Mortaliteit en morbiditeit: CTG controle bij bevalling.
Upload 15 november 2014.
De SR van Devane³
vergelijkt de maternale en neonatale uitkomsten tussen vrouwen, die bij opname
CTG bewaking krijgen en vrouwen bij wie intermitterend geausculteerd wordt. De SR is gebaseerd op vier
gerandomiseerde onderzoeken (RCTs) met in totaal 13.279 deelnemers. De vrouwen waren tussen de 37 en
42 weken zwanger, in partu en hadden een laag risico op foetale asfyxie en/of complicaties tijdens de partus.
Drie RCTs includeerden alleen vrouwen die spontaan in partu kwamen, 1 RCT includeerde ook vrouwen, bij
wie de partus werd ingeleid. Vrouwen die werden gerandomiseerd voor de CTG groep kregen 15-20 minuten
CTG-bewaking bij opname. Bij de vrouwen die gerandomiseerd werden voor intermitterende auscultatie
werd tenminste 1 minuut tijdens en/of na een wee naar de foetale hartfrequentie geluisterd door middel van
een doptone of Pinard.
De resultaten laten zien dat in de groep met CTG bewaking de kans op een caesarean section toeneemt
(Relatief Risico 1.20, 95% BI 1.00 tot 1.44). Er was geen significant verschil tussen de groepen in het aantal
instrumentele partussen (Relatief Risico 1.10, 95% BI 0.95 tot 1.27) en foetale en neonatale mortaliteit
(Relatief Risico 1.01, 95% BI 0.30 tot 3.47).
Naast deze primaire uitkomsten worden nog een aantal belangrijke secundaire uitkomsten genoemd.
Vrouwen met CTG bewaking bij opname bleven significant vaker aan een continue CTG bewaking (RR 1.30,
95% BI 1.14 tot 1.48) en er werd vaker bloed onderzoek uitgevoerd (Relatief Risico 1.28, 95% BI 1.13 tot 1.45) in
vergelijking met vrouwen met intermitterende auscultatie.
Er is geen evidence gevonden dat CTG bewaking een meerwaarde heeft bij vrouwen met een laag risico
durante partu: er is geen verhoogde kans op instrumentele partussen en neonatale mortaliteit.
Wanneer zwangere vrouwen in partu bij opname CTG bewaking krijgen van 15-20 minuten neemt de kans
op een caesarean section met 20% toe.
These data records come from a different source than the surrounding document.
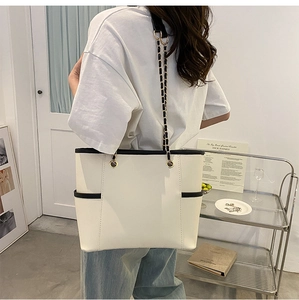 Detail of cream tote bag with black trim and elegant gold chain leather strap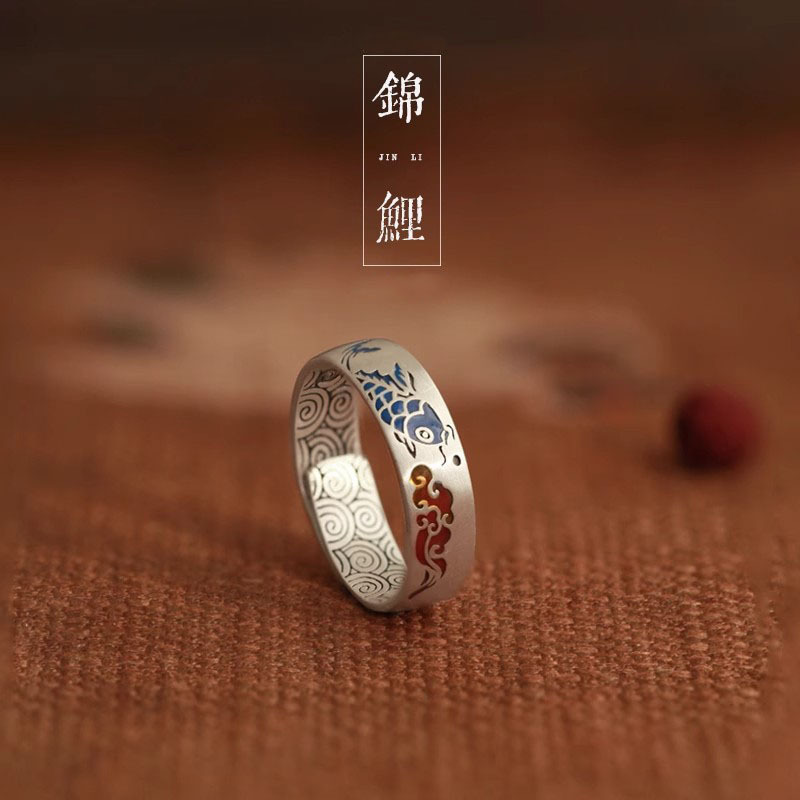 Koi Cloud Ring – Silver band with blue enamel koi fish and red cloud patterns on brown background, unisex luck jewelry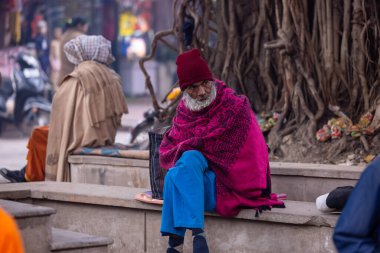 Varanasi, Uttar Pradesh, Hindistan - 19 Ocak 2024: Varanasi 'deki çetelerin yakınındaki ghatlarda yürüyen geleneksel sadhu elbiseli yaşlı bir adamın portresi.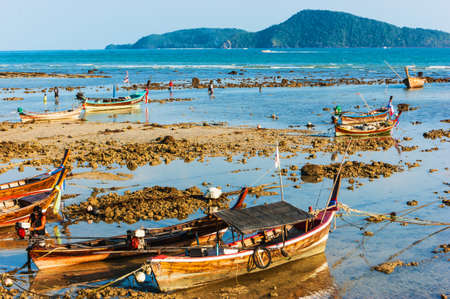 Fishing boats on the sea shore in Phuket, Thailandの写真素材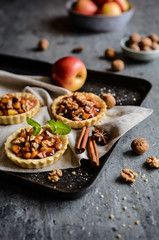 Fruit tartlets filled with caramelized apple pieces, cinnamon and walnuts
Ook zijn er aanwijzingen dat bij CTG bewaking meer instrumentele
partussen en vaker micro bloed onderzoek plaats vindt. Er is geen wetenschappelijk bewijs hoe hiermee
om te gaan bij vrouwen met een verhoogd risico; de richtlijn van de NVOG doet de aanbeveling om bij deze
patiënten wél een continu CTG uit te voeren.
• De aanbeveling is om bij vrouwen met een laag risico op foetale asfyxie en/of complicaties tijdens de
partus de foetale conditie durante partu te bewaken middels intermitterende auscultatie. Bij vrouwen met
een verhoogd risico is de aanbeveling continue CTG bewaking uit te voeren.
• Niveau van bewijs: A (laag risico vrouwen) en D (hoog risico vrouwen)
In het huidige protocol ’foetale bewaking’ van het AMC Verloscentrum staat beschreven dat bij vrouwen met een laag risico op foetale asfyxie en/of kans op een complicatie durante partu geen continue CTG bewaking nodig is. Intermitterende auscultatie is voldoende. Voor de vrouwen met een hoog risico staat wordt wél continue CTG bewaking voorgeschreven. Het huidige protocol is in overeenstemming met de gevonden wetenschappelijke literatuur en de daarop gebaseerde richtlijnen.